Erst langsam kommt man als Betrachter hinter den Lebensstil der beiden. Manu (Maja Schöne) pflegt und betreut die ältere Frau Katz, die ihre mehrfach nahelegt, doch auch ihren Freund mal mitzubringen. Irgendwann tut Manu das auch, liebt sich mit Jakob auf dem Bettvorleger - unter den Augen der alten Frau.

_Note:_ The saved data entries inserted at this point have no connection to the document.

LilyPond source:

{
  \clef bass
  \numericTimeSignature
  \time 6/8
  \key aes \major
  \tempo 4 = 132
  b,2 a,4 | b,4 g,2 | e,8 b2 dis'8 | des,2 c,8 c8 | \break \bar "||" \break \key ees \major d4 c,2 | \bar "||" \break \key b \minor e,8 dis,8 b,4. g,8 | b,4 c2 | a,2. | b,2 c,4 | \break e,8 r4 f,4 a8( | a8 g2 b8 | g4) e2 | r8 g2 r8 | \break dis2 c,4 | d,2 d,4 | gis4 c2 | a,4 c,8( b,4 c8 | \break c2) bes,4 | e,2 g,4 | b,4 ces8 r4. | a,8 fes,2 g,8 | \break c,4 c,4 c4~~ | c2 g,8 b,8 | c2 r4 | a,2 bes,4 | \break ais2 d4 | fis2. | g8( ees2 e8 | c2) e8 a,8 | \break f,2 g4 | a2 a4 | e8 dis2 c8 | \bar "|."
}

Jakob (Robert Stadlober) begibt sich hingegen zielsicher durch den Wald und landet auf einer großen Wiese. Wo er von einem landenden Segelflieger umgehauen wird (sehr holprige Inszenierung, die mehr behauptet als zeigt). Der besorgte Pilot Martin (Sylvester Groth) wird Jakob noch öfter treffen - und bald wird Jakob, der das selbe Alter und die selbe (für Stadlober ungewohnte) Haarfarbe hat wie Martins verstorbener Sohn, gegen Bezahlung (einer der Punkte, den der Film größtenteils umgeht, weil die Anbahnung dieses »Geschäfts« einer der schwächsten Punkte im Drehbuch ist) sozusagen die Rolle des verstorbenen Sohns übernehmen. Zunächst gegen den Protest der Mutter (Corinna Kirchhoff), doch dann sogar so weit, dass Jakob Manu vernachlässigt, die währenddessen mit der inzwischen verstorbenen Frau Katz ein handfestes Problem in ihrem Arbeitsverhältnis hat.

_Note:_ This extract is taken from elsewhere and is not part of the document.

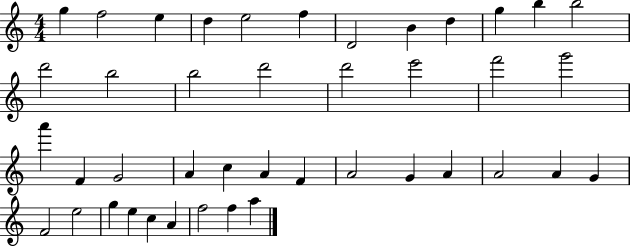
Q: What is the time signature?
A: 4/4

Zarte Parasiten basiert auf einer halbgaren Idee, die erstaunlich professionell umgesetzt wird. Alle Schwachpunkte der Story, des »Geschäftsverhältnisses« blendet der Film aus - und konzentriert sich stattdessen auf andere Probleme, die den Plot vorantreiben sollen (wie der Angriff auf den Übernachtungsplatz und die greifbare Gefahr einer Vergewaltigung durch die geprellte Discobekanntschaft). Der Betrachter wird ähnlich wie in Filmen wie Moulin Rouge! oder Inception lange Zeit beschäftigt, damit ihm die klaffenden Löcher in der Story nicht auffallen. Woher weiß Jakob von Martins Sohn? Statt des Ansatzes einer Erklärung gibt es den Zukunftsprospekt einer ganzen Stadt voller Rentner, die man als nächste »ausnehmen« könnte. Woher weiß Jakob, wann Martins Flugzeug wo landen wird? Er kennt sich halt aus mit Segelschiffen - und darüber kann man auch gleich eine Bindung aufbauen ... undsoweiter ...

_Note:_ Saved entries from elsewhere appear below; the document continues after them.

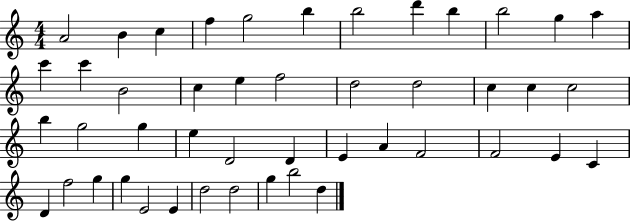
{
  \clef treble
  \numericTimeSignature
  \time 4/4
  \key c \major
  a'2 b'4 c''4 | f''4 g''2 b''4 | b''2 d'''4 b''4 | b''2 g''4 a''4 | \break c'''4 c'''4 b'2 | c''4 e''4 f''2 | d''2 d''2 | c''4 c''4 c''2 | \break b''4 g''2 g''4 | e''4 d'2 d'4 | e'4 a'4 f'2 | f'2 e'4 c'4 | \break d'4 f''2 g''4 | g''4 e'2 e'4 | d''2 d''2 | g''4 b''2 d''4 | \break \bar "|."
}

Der Film macht einiges richtig, aber um ihn wirklich zu mögen, muss man vieles großzügig übersehen. Gleich zu Beginn gebiert sich die Kameraführung wie bei den Dardennes, nur auf Speed. Doch schon etwas später zeigt die Kamera die übliche Rückenansicht im nächtlichen Wald, mit komplett überflüssigem Scheinwerfer auf die Rückenpartie. Die beiden Autoren und Regisseure haben einige gute Ideen, aber die Hauptidee ist zu schwach, um den Film in dieser Form zu tragen, man erwartet vom Zuschauer einfach zuviel Rücksicht. Wenn einige Löcher im Skript besser gefüllt wären, oder die Figuren einen mehr gefangengenommen hätten, wäre Zarte Parasiten womöglich ein echte »Mahlzeit« geworden. So wie der Film ist, schmeckt er wie eine auf einem Campingbrenner angewärmte Konserve - durch und durch halbgar.

Die schönste Stelle des Films war für mich übrigens, wie Martins Frau eine längere Zeit quasi »gesichtlos« bleibt - den Sinn dieses inszenatorischen Details habe ich nur ansatzweise nachvollziehen können, aber es war eine der besten Ideen des Films.